As widely expected, the central bank kept rates on hold at 1.5 percent which mark’s the 20thconsecutive time without changes.
The following monetary statement garnered the most attention as investors sought clues on the potential timing of an interest rate hike in the nearest future but RBA Governor Philip Lowe seemed to brush off any chances of a rate hike over concerns about the economy and especially inflation.
“Inflation remains low, with both CPI and underlying inflation running a little below 2 per cent. Inflation is likely to remain low for some time, reflecting low growth in labour costs and strong competition in retailing. A gradual pick-up in inflation is, however, expected as the economy strengthens. The central forecast is for CPI inflation to be a bit above 2 per cent in 2018.” Mr Lowe said.

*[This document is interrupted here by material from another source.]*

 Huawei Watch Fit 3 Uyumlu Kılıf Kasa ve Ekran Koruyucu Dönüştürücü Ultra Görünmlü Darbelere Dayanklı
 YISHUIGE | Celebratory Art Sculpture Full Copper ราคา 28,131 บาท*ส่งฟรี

Bill Evans from Westpac also noted that the Governor’s statement was less than optimistic
“Whereas some previous statements from the governor could have been interpreted as mildly optimistic, there is nothing in Tuesday’s statement to fit that description,” he said.
“There is some uncertainty around the immediate growth outlook, tightening financial conditions are noted, a slowdown in improving labour market conditions is observed, and the outlook for consumption remains uncertain.” He added.

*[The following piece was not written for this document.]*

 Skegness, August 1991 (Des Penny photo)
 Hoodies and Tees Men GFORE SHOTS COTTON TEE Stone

Some predict that after today’s interest rate decision, the RBA is in no hurry to lift interest rates and we may not see any move in rates until the end of 2019 and that will only happen if inflation reaches the RBA’s target rate.
"We expect that another year of below potential GDP growth and subdued rates of wage growth will keep underlying inflation lower for longer than the RBA expects” said Kate Hickie from Capital Economics'
"As a result, we doubt that rates will begin to rise until the second half of 2019." She added.